International Journal of Computer Applications |
Foundation of Computer Science (FCS), NY, USA |
Volume 186 - Number 5 |
Year of Publication: 2024 |
Authors: Baiq Nurul Azmi, Arief Hermawan |
10.5120/ijca2024923385 |
Baiq Nurul Azmi, Arief Hermawan . Data Preprocessing to Improve Accuracy in Classification Methods (Case Study: Credit Risk Analysis Dataset Classification). International Journal of Computer Applications. 186, 5 ( Jan 2024), 22-29. DOI=10.5120/ijca2024923385
This research analyzes the use of various data pre-processing methods in the context of credit risk analysis with Support Vector Machine (SVM) classification models. The background of this research details the complexity of challenges faced in the banking industry regarding credit risk evaluation and how data pre-processing to improve model accuracy.
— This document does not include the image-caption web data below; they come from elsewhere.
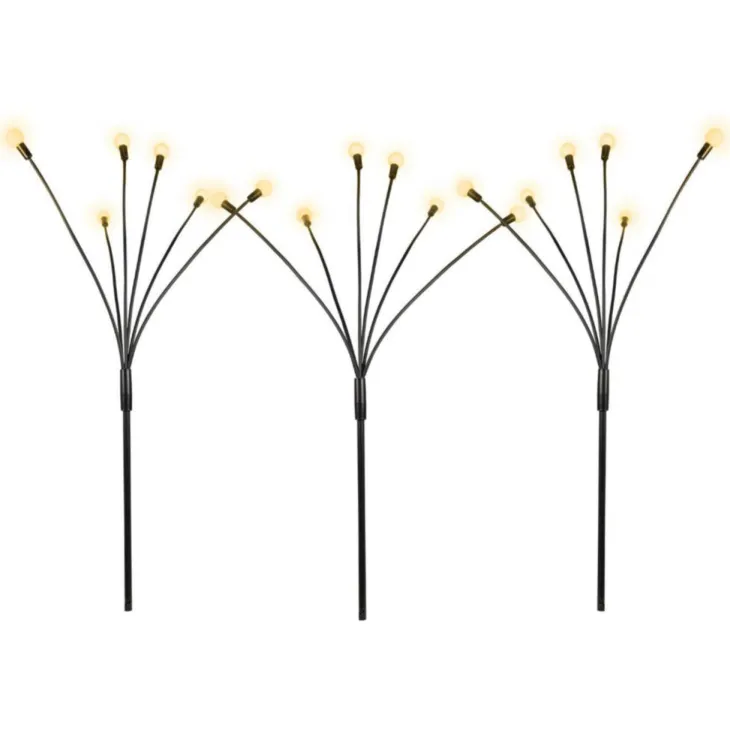 Piques lucioles solaire animé 2 fonctions 18 LED coloris blanc chaud Blachere - 65 cm
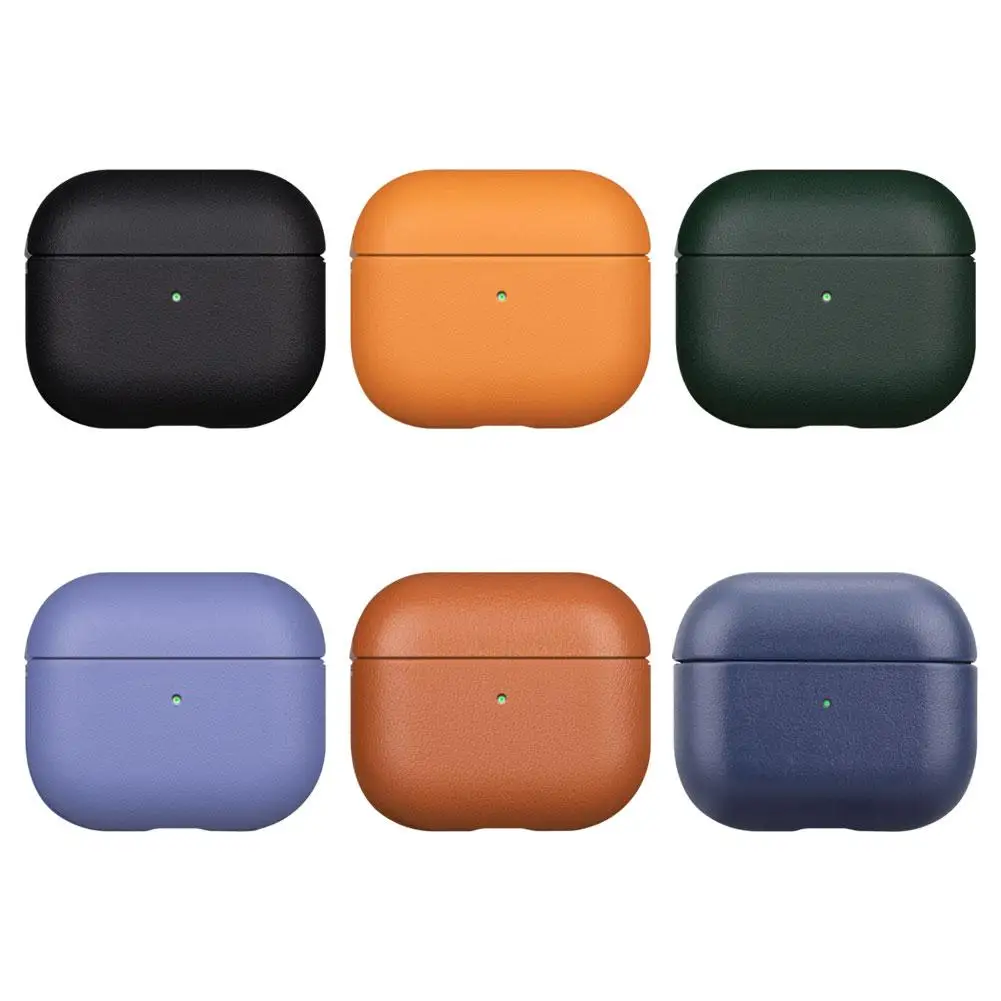 PU Leather Case For AirPods 4 Earphone Protective Cover 360-degree Full Wrapping Anti Drop Protection Sleeve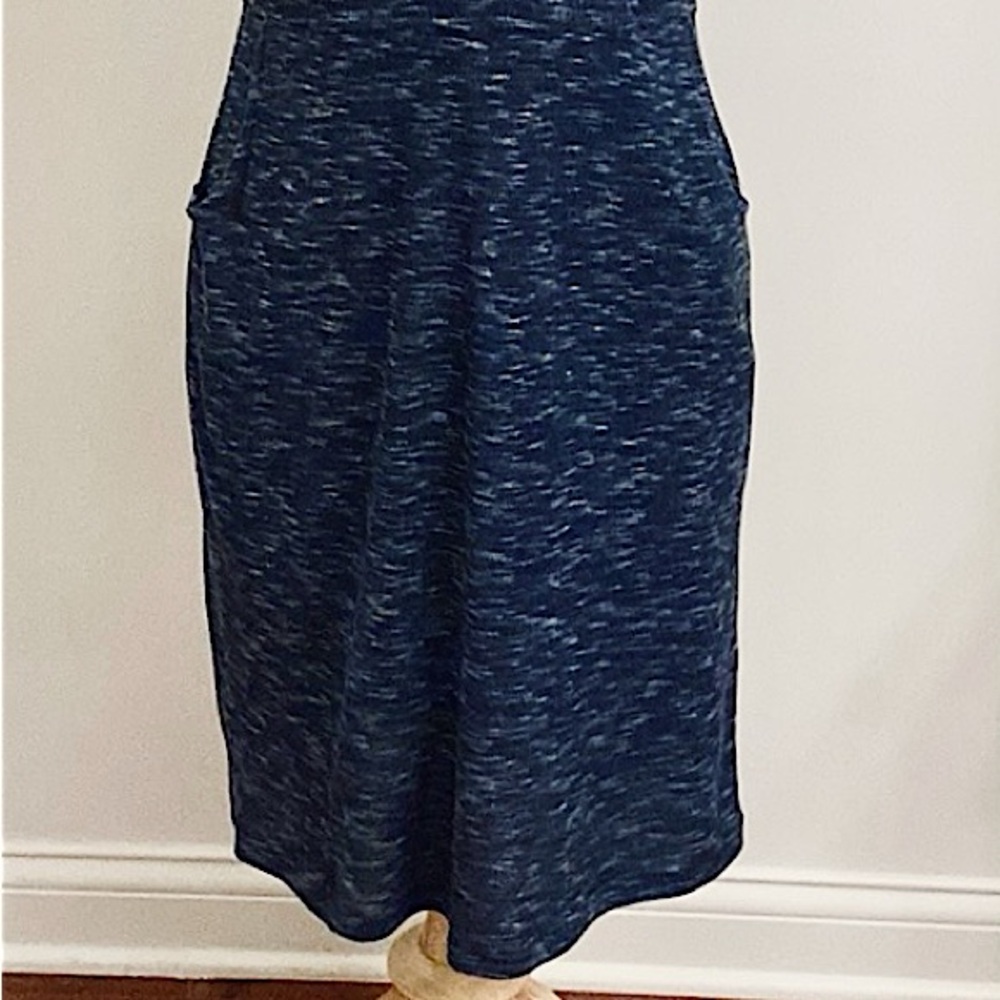 Christopher & Banks Blue White Heathered S Coastal Preppy Weekend Casual Dress - Picture 3 of 11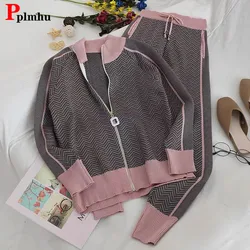 Check Knit 2 Pieces Sets Women Casual Zipper Knitwear Cardigan Tops Conjuntos Korean High Waist Ankle Length Jogger Pants Outfit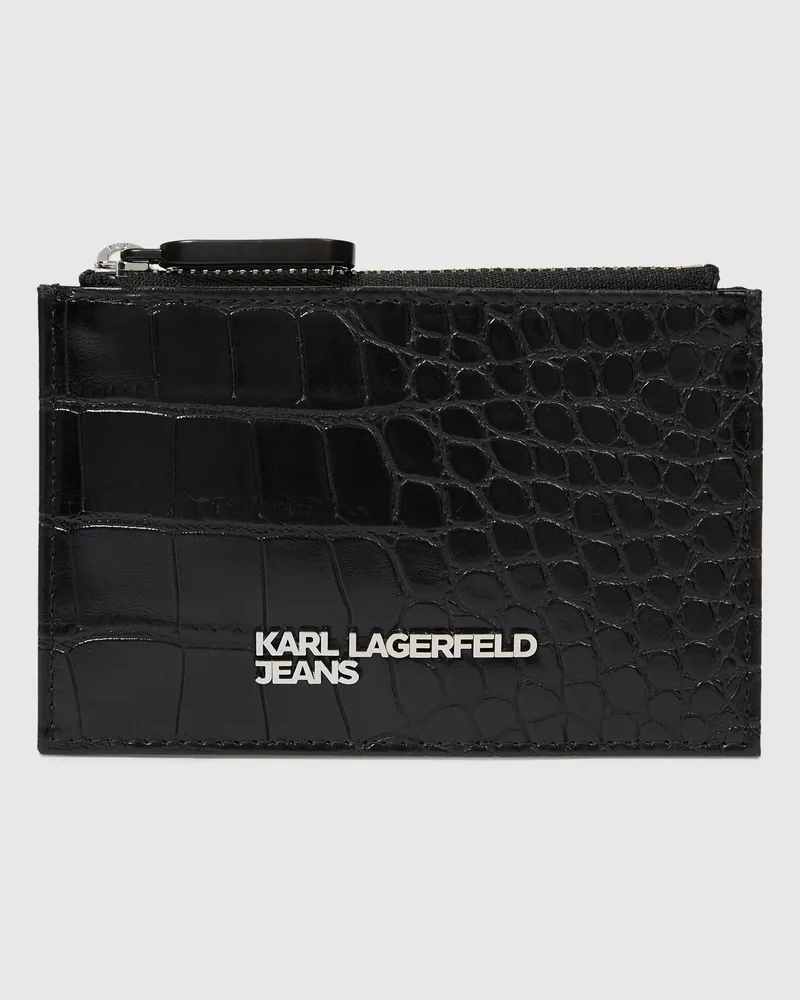 Karl Lagerfeld Kartenetui In Kroko-optik Mit Metalllogo, Damen, Schwarz, Größe Schwarz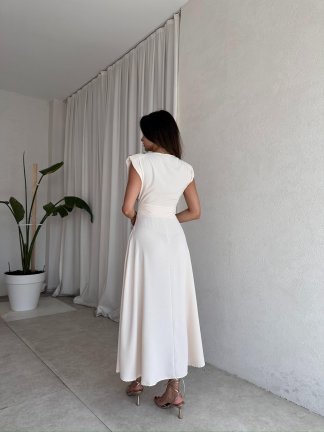 PAOLA Maxi Elbise 2305 - Beyaz - 3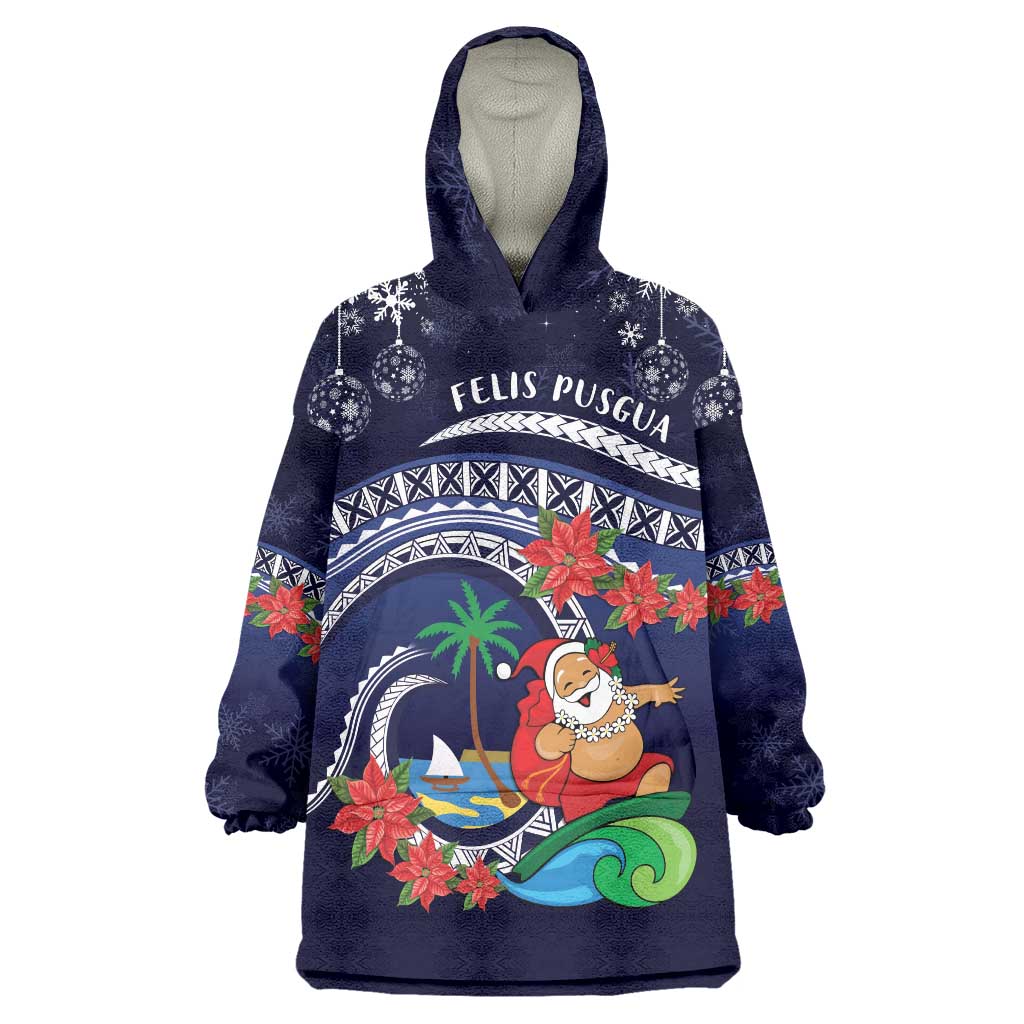 Felis Pusgua Guam Santa Wearable Blanket Hoodie Merry Christmas with Polynesian Tribal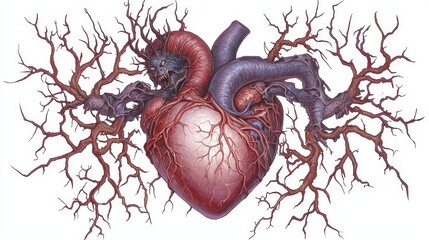 Human Heart Entwined with Thorny Branches Illustration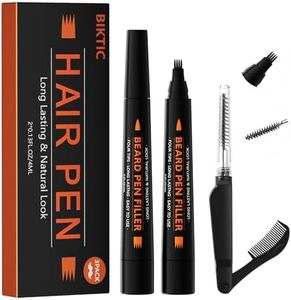 3-Pack Beard Pencil Filler for Men (Black), Four-fork Tip Beard Styling Pen, Waterproof Sweat Proof Long Lasting Beard Pencil,Effectively Enhances Facial Hair
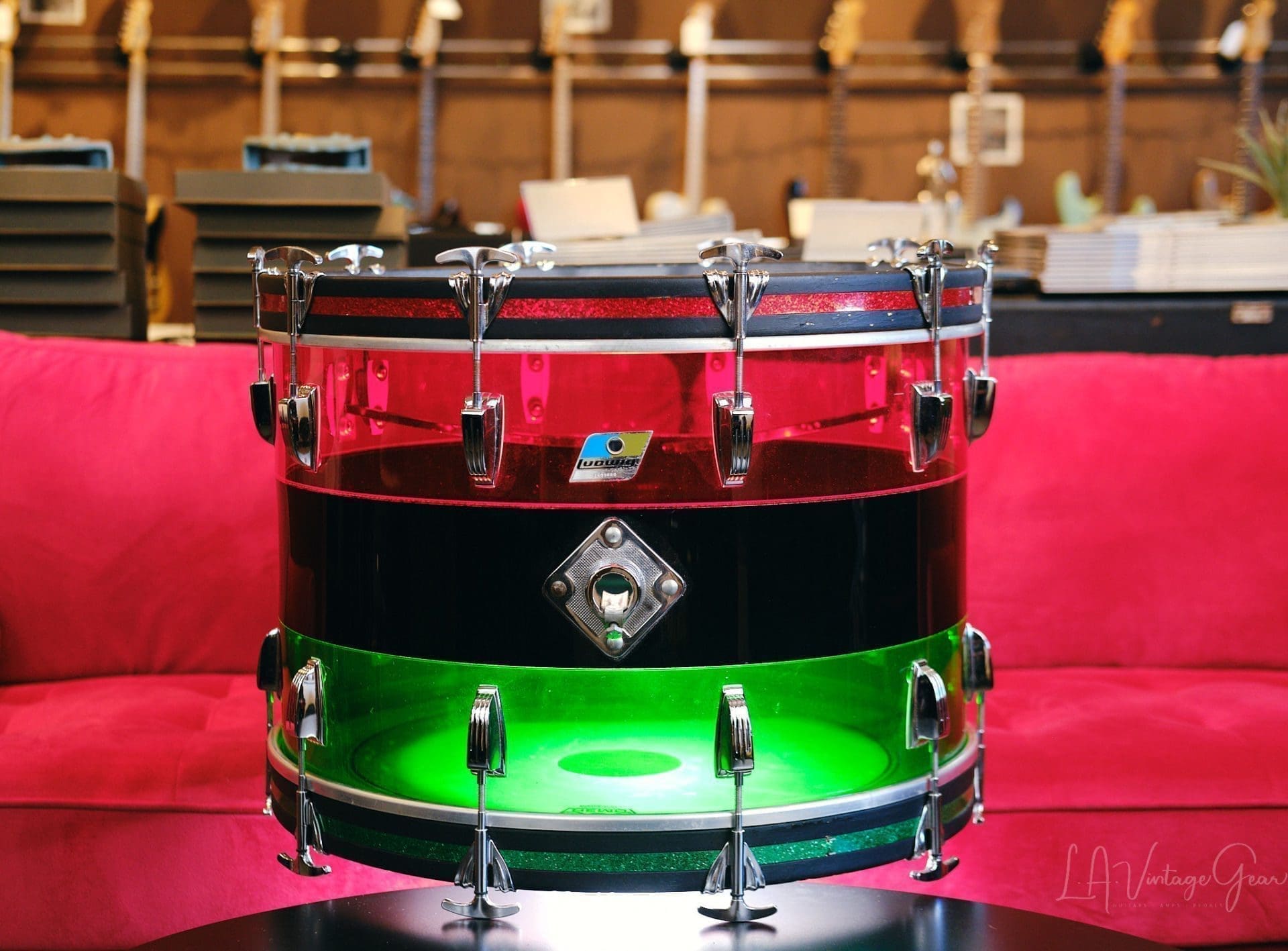 1970's Ludwig Vistalite Tri-Band Green, Black, and Red Drum Kit 22/12/13/16 - Think The Wailers ! - Image 4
The research method includes four experimental scenarios that consider various combinations of data pre-processing methods. Each scenario is designed to evaluate the performance of SVM models on credit risk datasets. The method steps include data preparation, Missing Data handling with Remove Features for features that have more than 50% Missing Data rate and MICE imputation for features that have less than 50% Missing Data, feature selection based on Correlation Matrix to overcome High Dimensional Data, and data resampling with SMOTE to overcome class imbalance. The test results show that using a combination of data pre-processing methods can significantly improve the accuracy of SVM models on credit risk datasets. The highest accuracy is obtained in the pre-processing scenario when overcoming Missing Data with remove features and MICE imputation with a value of 99.4%.